Ronan Phelan is a freelance theatre director who works across many genres including new writing, classic text and musical theatre. He is Associate Director at Rough Magic Theatre Company and the current curator of its artist development programme. His previous works have received critical and commercial success leading to transfers and national tours. He is an alumni of Rough Magic’s SEEDS programme (2012-2013) and was subsequently appointed Resident Assistant Director at the Abbey theatre (2014-2016). He is a graduate of TU Dublin’s Conservatory of Music and Drama. Previous directing credits include Much Ado About Nothing (Nominated Best Director, Irish Times Theatre Awards, 2020), Portrait of the Artist as a Young Man, Mr. Burns: A Post-Electric Play, The Effect, Assassins, all for Rough Magic Theatre Company; Some Names Were Changed (Nominated Best Production and Special Judges Award, Dublin Fringe Festival 2019), Before Monsters Were Made for 15th Oak Productions; All Mod Cons, Lyric Theatre, Belfast; Twelfth Night, LAMDA, London; Annie, Cork Opera House; BROADENING and Inhabitance, Glassdoll Productions; LAMBO and Clear_the_Air, Underscore Productions; Pocket Music (Winner Bewley’s Little Gem Award, Dublin Fringe Festival 2011); Much Ado About Nothing, Merrily We Roll Along, The Drowned World at The Lir Academy, Dublin.
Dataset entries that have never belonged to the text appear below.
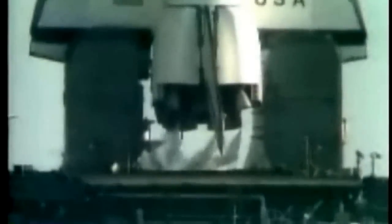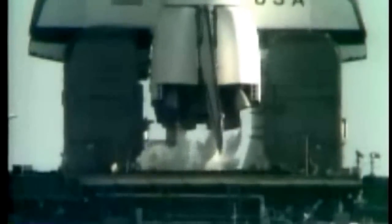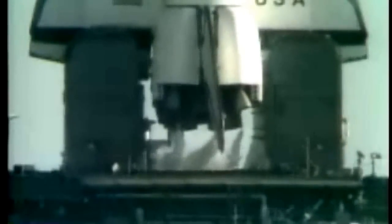We're just a few seconds away from switching to the redundancy and sequencer. T-minus 27 seconds. We have gone for redundancy and sequencer start. T-minus 20 seconds and counting.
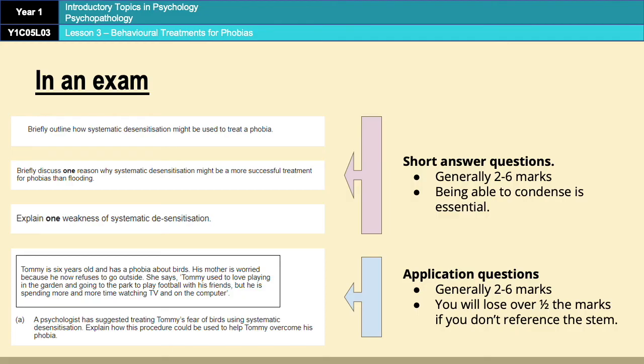The same goes for application questions — generally between two and six marks, so condensing is absolutely essential. However, the more important thing with application questions is that you must under all circumstances refer to the stem. If you write an answer about Tommy's phobia of birds without actually referring to Tommy, you are going to sacrifice at least half of your marks. Even if you write a perfect example of how systematic desensitisation is used, if you don't refer to Tommy every step of the way then you won't access the application marks. All you have to do is apply it and talk about Tommy and the birds.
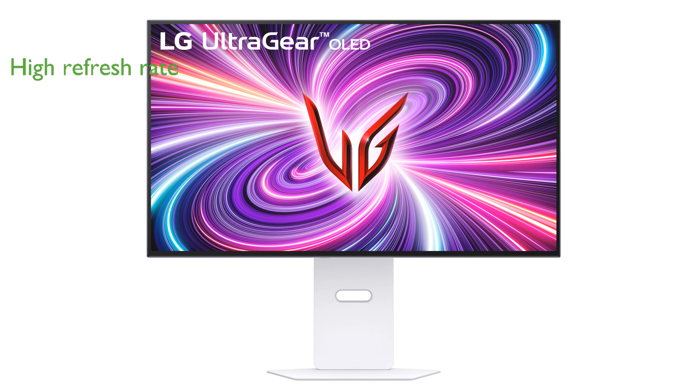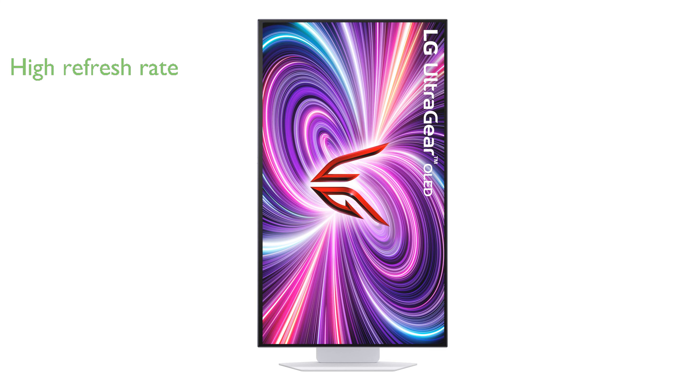this monitor ensures smooth gameplay without any lag, making it ideal for fast-paced action games. The incredibly fast response time of 0.03 milliseconds virtually eliminates motion blur, enhancing the clarity of images during intense gaming sessions.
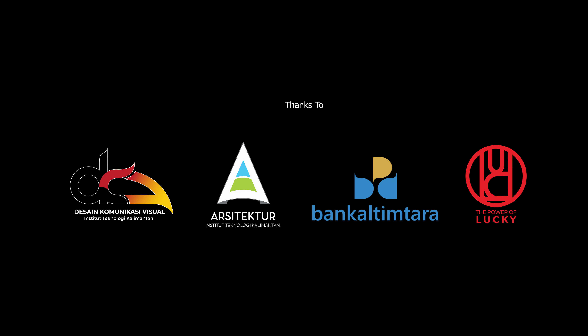Untuk pembagian divisi dalam perancangan City Branding, kami membagi menjadi tim perancangan logo, tim perancangan Tugu dan Landmark, tim survei, dan juga tim multimedia.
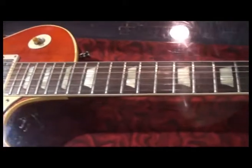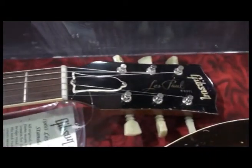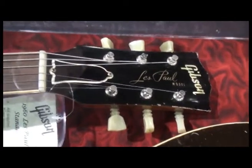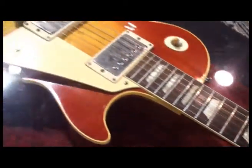It's a late 1960 with the double ring clousons and a little bit more of the brighter red that's typical of late 1960s. Beautiful flame, not super flame, but beautiful flame.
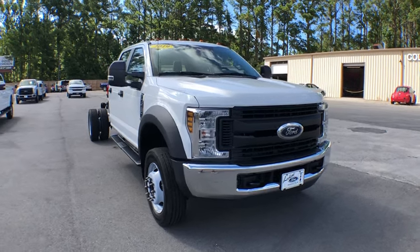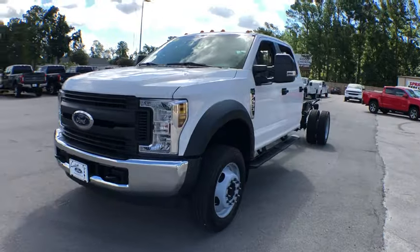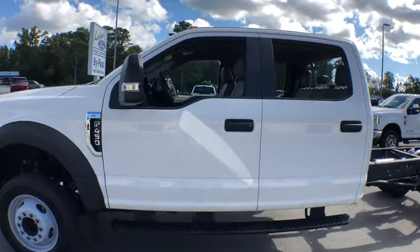Make a great choice today with the 2019 Ford F-450 Super Duty. Head-to-head fuel efficiency, head-to-head towing, head-to-head torque. Ford F-450 Super Duty.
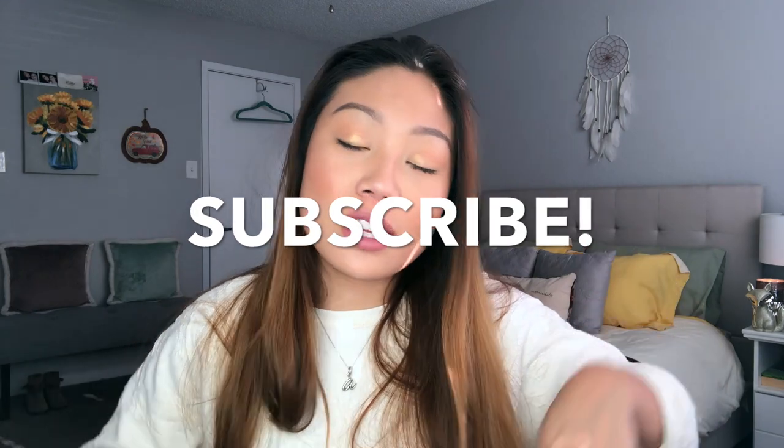Today we're going to be doing my September favorites. These are products I was loving in the month of September and carrying on into October as well. So if you're interested to see everything that I've been liking, don't forget to please subscribe to my channel. Hit the notification bell so you know when I post. Please forgive my nasally voice. And without further ado, let's go ahead and get into it.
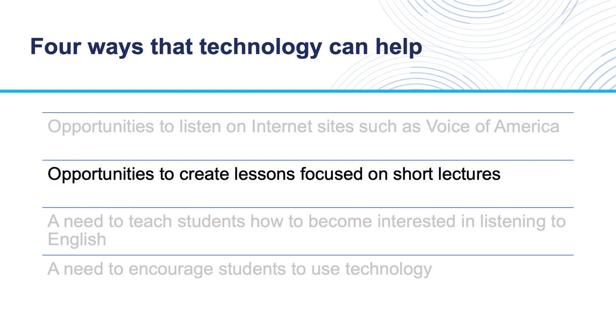Second, technology allows us to create lessons focused on short lectures from, for example, TED-Ed or the TED Talks website. We are going to take a look at that website in detail in a few minutes. This is a great resource.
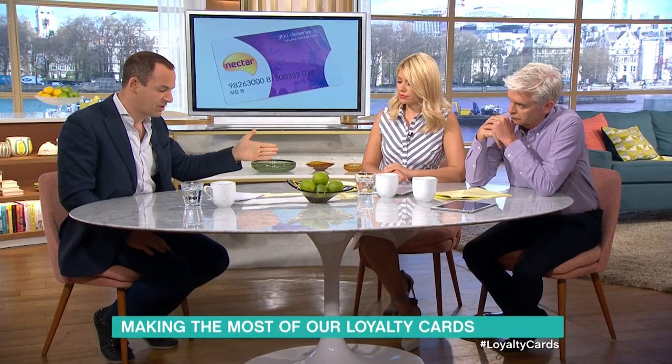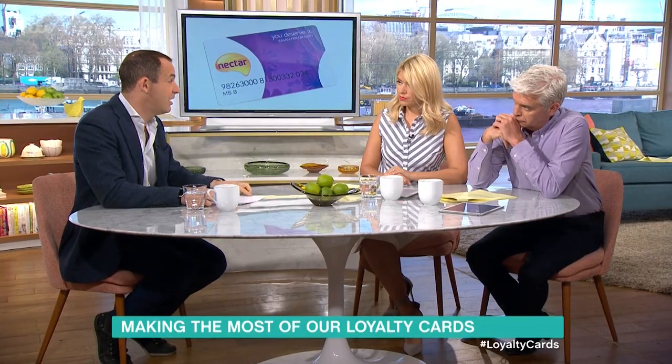Nectar has something very similar. It's got a Double Up that's quarterly — it's just done one in spring. Go to its My Coupon site for Sainsbury's spending, and you can get five coupons for extra spending. It's also got a Nectar Boost where you can increase the value of your points. And there's Nectar Comments, which you can sign up to, fill in surveys, and earn free Nectar points.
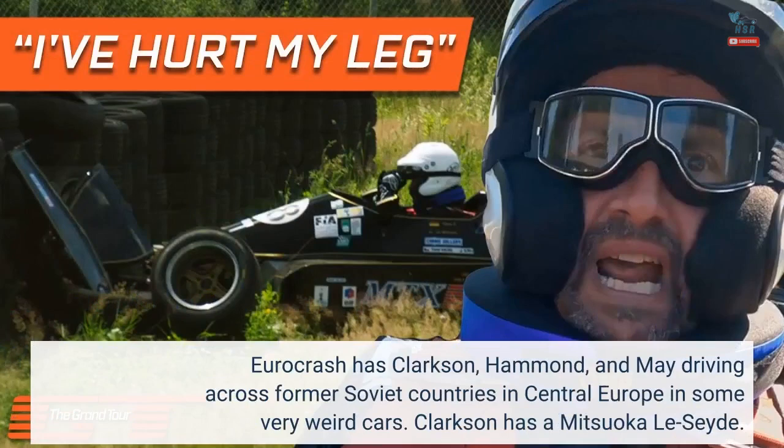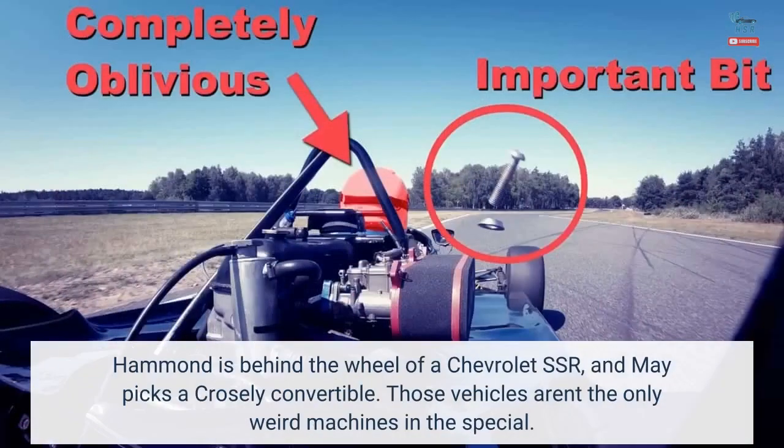Eurocrash has Clarkson, Hammond, and May driving across former Soviet countries in Central Europe in some very weird cars. Clarkson has a Mitsuoka Viewt. Hammond is behind the wheel of a Chevrolet SSR, and May picks a Crossley convertible.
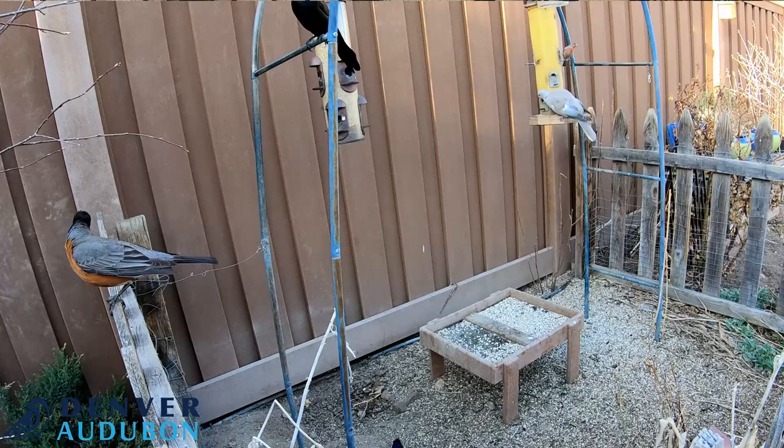The American Robin often will wake you up early with its song of cheerio, cheerio, cheerio, cheerio.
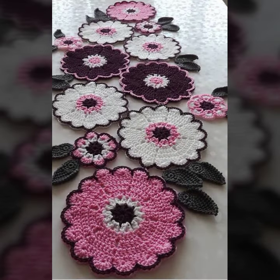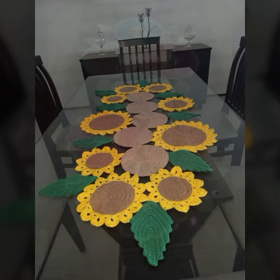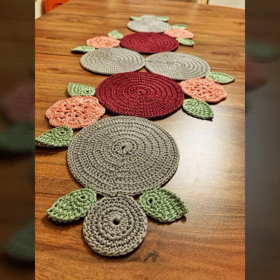I hope you were waiting for this video. Today I bring some special and beautiful crochet table runner ideas. Please watch my beautiful, cute, top trendy, and stylish crochet table cover and table runner ideas.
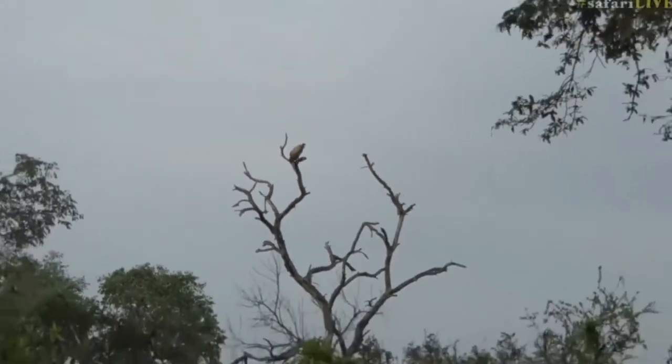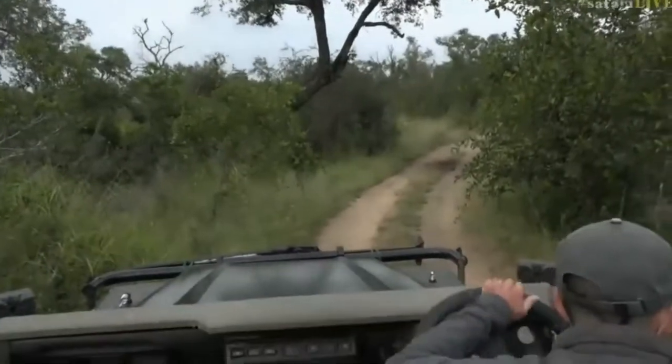All righty, I think let's carry on just in case this leopard does get going. Apparently he is fast asleep.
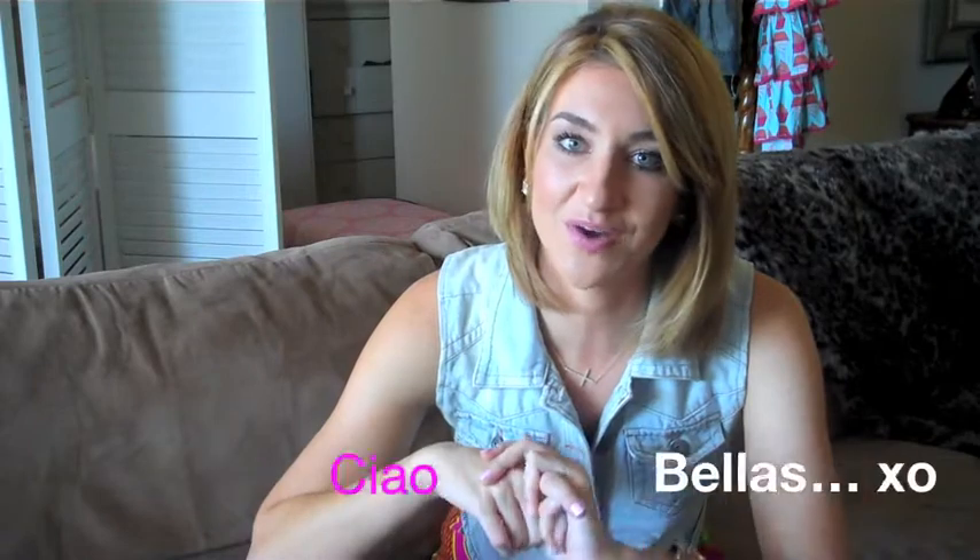So hopefully you have enjoyed this video and it has been helpful for those of you out there who have been in search of that perfect mascara. I highly recommend this one. I am anxious to try out any of your favorites, so leave me a comment below and let me know what your favorite mascara is. Thank you all so much for watching this video and I can't wait to see you in my next one.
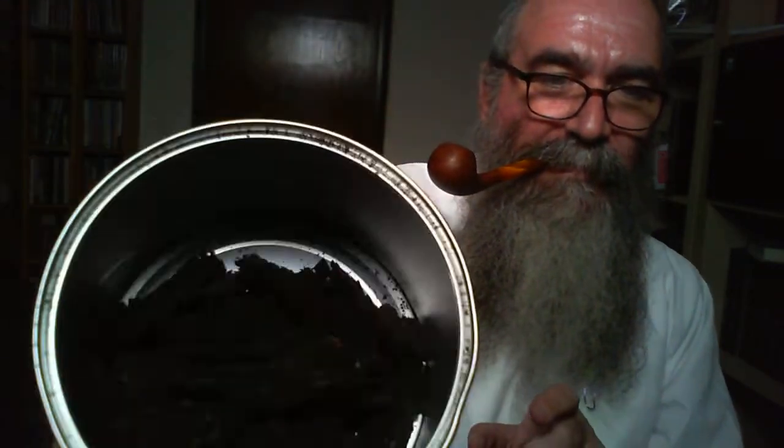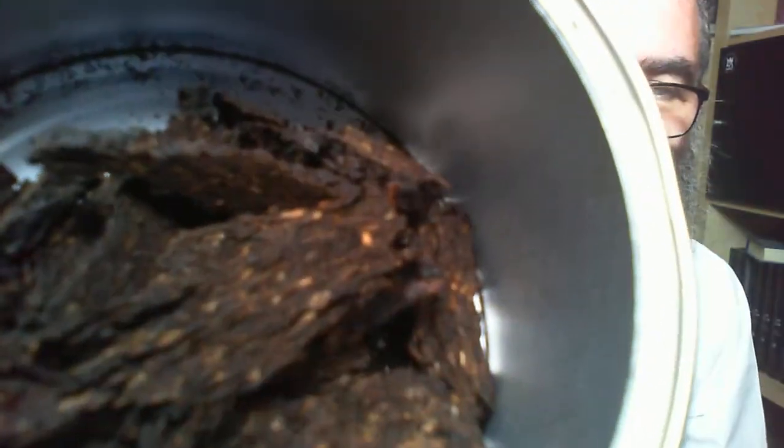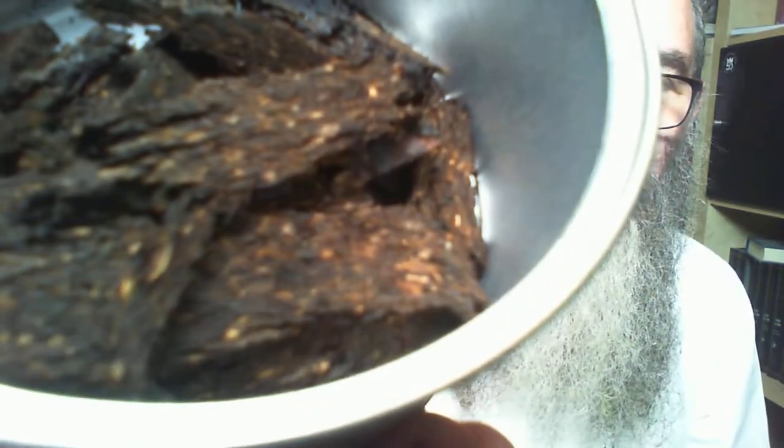There we go — look at those colours! You get these kind of almost twig-like, very thick flakes. I opened the tin and it smells absolutely divine. When I first smoked it I thought it would be more of a Latakia-forward blend. There is Latakia inside it, but it's not as dominant as I expected.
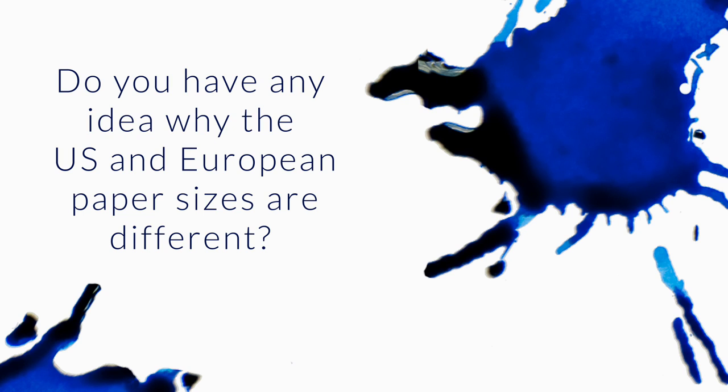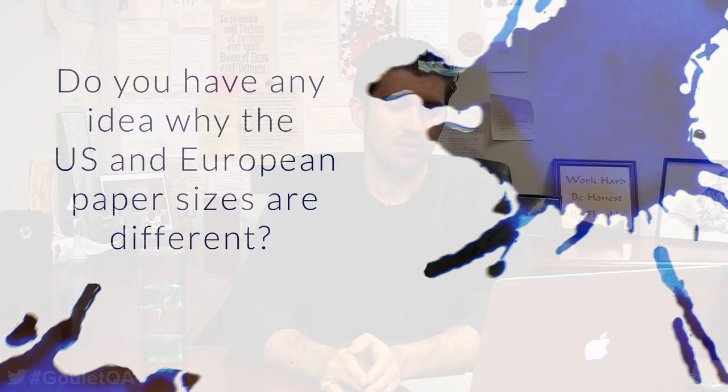Do you have any idea why the U.S. and European paper sizes are different? Well, I don't know why the U.S. and European sizes of anything are different. There are historical reasons, I'm sure, but I have no idea why the U.S. sizes are the way they are.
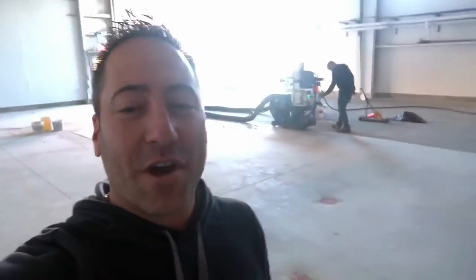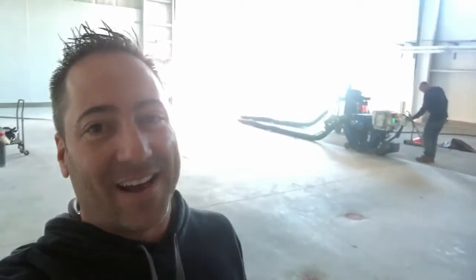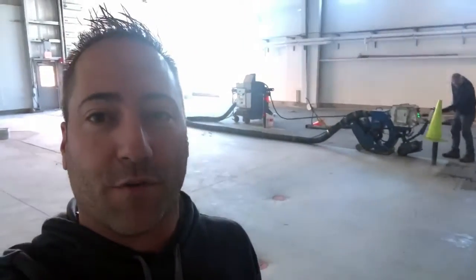Hey, it's the fish guy. Here I am in the Milne Center, where soon we'll have 42,000 gallons of aquariums and tanks — just a couple of months away. Right now today, they are getting the floor ready for the epoxy waterproofing.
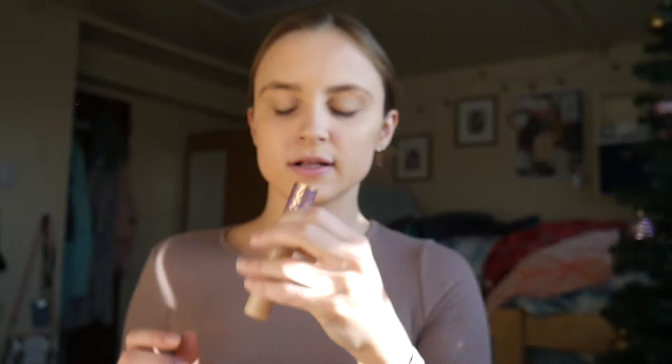To add some warmth back into my face, I go in with the Pixi Book of Beauty Bronze Textures. I am naturally tan, but in the winter I am not, so I just need to add some warmth back in.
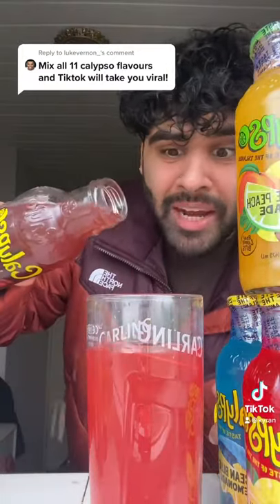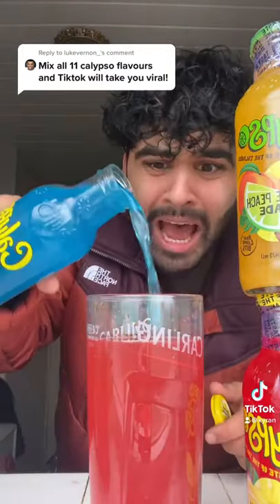Jamaica Limeade. Like the video. Triple Lemon Lemonade. Kiwi Lemonade. These flavors are mad. Calypso Black Cherry Lemonade. Make sure you follow my Instagram. Ocean Blue Lemonade.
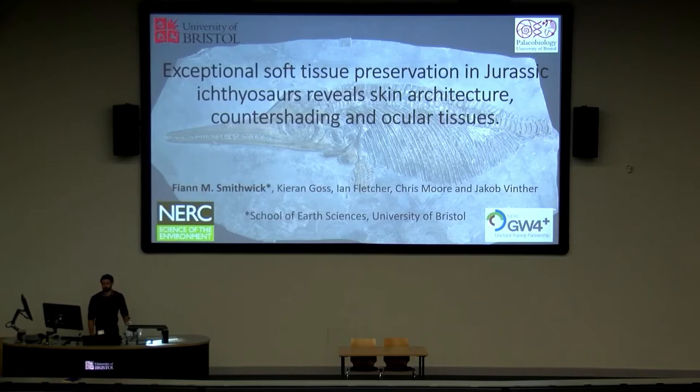Thank you very much, everyone, for coming this morning. I'm going to be presenting work carried out over the past couple of years, both as part of my PhD and with the help of master's student Kieran Goss, who's here. We looked at exceptional preservation of soft tissue in Jurassic Ichthyosaurs.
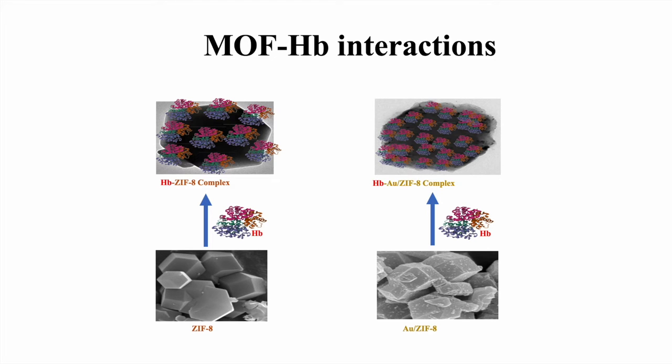Coming to the interaction of these metal organic frameworks with haemoglobin, both materials interacted favorably with the haemoglobin. That is, the conformation was somehow changed from the native conformation.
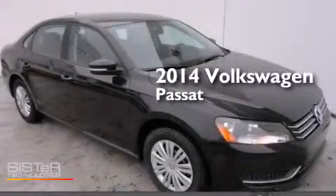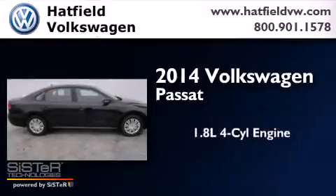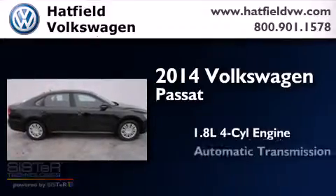This is a brand new 2014 Volkswagen Passat. It has a 1.8-liter four-cylinder engine and an automatic transmission.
Aoibheann Greenan is an Irish artist currently based in London. Her works in performance, installation and moving image examine the mutability of cultural documents across time, probing their transformative potential in the present. She is interested in staging as a locus for renegotiating relationships between bodies and images, action and passivity, immediacy and mediation. Aoibheann is a founding member of East London Cable, an artist collective based at Raven Row, London. Since 2018 the collective has been producing, platforming and commissioning works that converge around the intersection of broadcasting and artistic practice.
Niamh McCann is an Irish artist living and working in Dublin. Recent solo exhibitions include Furtive Tears at Dublin City Gallery: The Hugh Lane, La Perruque (Protest Song) at MAC Belfast and Just Left of Copernicus in Visual Carlow. Group exhibitions include: Future Perfect, Rubicon-Projects Brussels; Changing States: Contemporary Art and Francis Bacon’s Studio, BOZAR, Belgium; Time Out of Mind: Works from the IMMA Collection, Irish Museum of Modern Art; In Other Words, Lewis Glucksman Gallery, Cork; this little bag of dreams, Catherine Clark Gallery, San Francisco; and Without-Boundaries, Wäinö Attonen, Museum of Art, Finland Her work is represented in the collections of IMMA, The OPW, Limerick City Gallery, Swansea City Council, The London Institute, and Hiscox Collection, London.